- Maurício Martins do Carmo -
Gosto muito das imagens católicas. As de Nossa Senhora são bacanas. As melhores.
Pai é fácil de deturpar. Você vê a construção da imagem de JC, por exemplo: tanto pode ser a de quem oferece a outra face e perdoa a adúltera, quanto a de quem veio com a espada, a guerra, matando os inimigos, trazendo a discórdia. Está tudo isso na Bíblia e podemos escolher o JC que queremos.
Tudo varia com a intenção de quem construiu a imagem. E de quem as escolhe. A Bíblia foi escrita por humanos, bah chê...
Enfim, JC pode achar bandido bom o bandido morto, ou pregar amar uns aos outros incondicionalmente. É geleia teológica ao bel prazer de Paulo, Agostinho e, mais tarde, dos pilantras mais-cedo.
Até porque a figura do Pai (JC é filho, sei, mas a Santíssima Trindade precisa de um VAR para ser entendida; é mais difícil de compreender seus detalhes que lance de pênalti duvidoso)... bem, a figura do pai é própria para foder a cabeça dos filhos em nossa civilização - não à toa - conhecida como patriarcal.
Nâo fôra isso, não teríamos boa parte das monumentais obras de Kafka e Dostoievski, dois filhos estraçalhados pelo pai, só para citarmos uns exemplos fortinhos.
Já a invenção de Nossa Senhora é de tirar o chapéu. Os católicos sempre foram mais sensíveis, apesar de suas inquisiçõezinhas nada light. Mãe não tortura filho por autoridade, somente promove batalhas na psique dos afetos. Mãe é mãe, e nenhum bostonarista conseguirá colocar uma metranca em suas mãos. Por isso é que a imagem de Nossa Senhora é vigorosa: porque entende nossa fraqueza e necessidade de acolhimento, ainda que sejamos ímpios, fracassados, feios, maus, hindus, espíritas, xintoístas, ateus e comunistas.

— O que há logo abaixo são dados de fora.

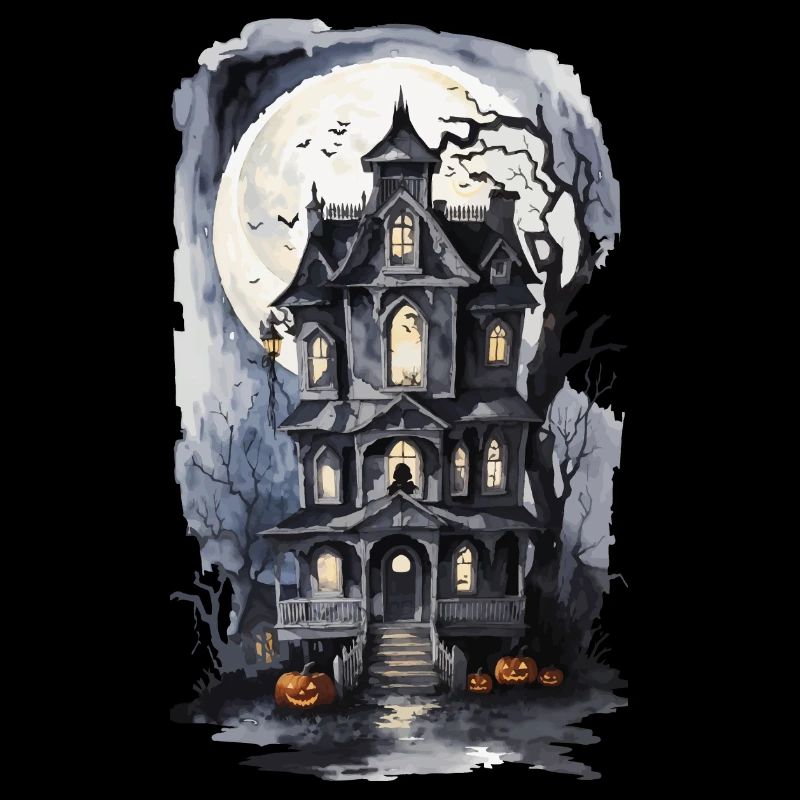 Witch House Full Moon Bat Spell Pumpkin Art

Não à toa o psicopata que chutou a santa há 30 anos morrerá com essa imagem de violência grudada nele com força de superbonder tripla; não à toa, o dito elemento hoje é cabo eleitoral do fascista prestes a mandar o país definitivamente para o abismo.
Gostaria de acreditar que a Boa Mãe nos amparará na queda, pois seu filho já está instrumentalizado para o ódio por metade da população da bosta deste país.

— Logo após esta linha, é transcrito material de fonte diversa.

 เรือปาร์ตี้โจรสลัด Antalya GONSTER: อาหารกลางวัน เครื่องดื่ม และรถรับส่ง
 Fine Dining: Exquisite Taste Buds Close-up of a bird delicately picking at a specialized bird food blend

Nossa Senhora seria assim uma espécie de último refúgio místico.
Às portas do inferno, me bate até uma vontade de com fé rezar a ela. Mas me seguro: "menas, camarada, menas".
Maurício Martins do Carmo é escritor, autor do livro Paulicéia Scugliambada, Paulicéia Desvairada (UFF, 1998). Professor Aposentado de Letras e Diplomata Aposentado.
O texto de Maurício Martins do Carmo, os comentários de Ricardo Camargo e a apresentação feita por Rui Vianna me fizeram pensar sobre a força da imagem de Nossa Senhora Aparecida. Figura sagrada feminina, negra, do interior do Estado de São Paulo, uma representação nacional de união pouco contestada até o ataque violento, citado, contra sua imagem, questionando sua importância. A presença do presidente-candidato nas homenagens em Aparecida do Norte mostrou a falsa demonstração de respeito por infringir a liturgia da cerimônia. Na linha da retórica do candidato, poderia até fazer a leitura de uma desvalorização da população representada por mulheres, pobres e negros...
E não é que este texto, quando veio à luz, nem se imaginava que iria ocorrer, da parte de sedizentes cidadãos de bem, sempre com o nome de Deus na boca, um ataque à homilia do Arcebispo de Aparecida, por ter ele pronunciado as palavras "fome" e "ódio" como males a serem combatidos? Realmente, enfureceram-se os que viram que não teriam como pensar Nossa Senhora abençoando a metralhadora...os mesmos que se sentiram afrontados pelo repúdio, em frente à Igreja de Nossa Senhora do Rosário dos Pretos, em Curitiba, pelos assassinatos com conotações racistas realizados no Brasil, fizeram de conta que seus correligionários não realizaram um ataque à mais tradicional cerimônia católica do país.
Estaremos sempre juntos às porteiras do inferno, camarada. Com a boa Mãe sempre de olho!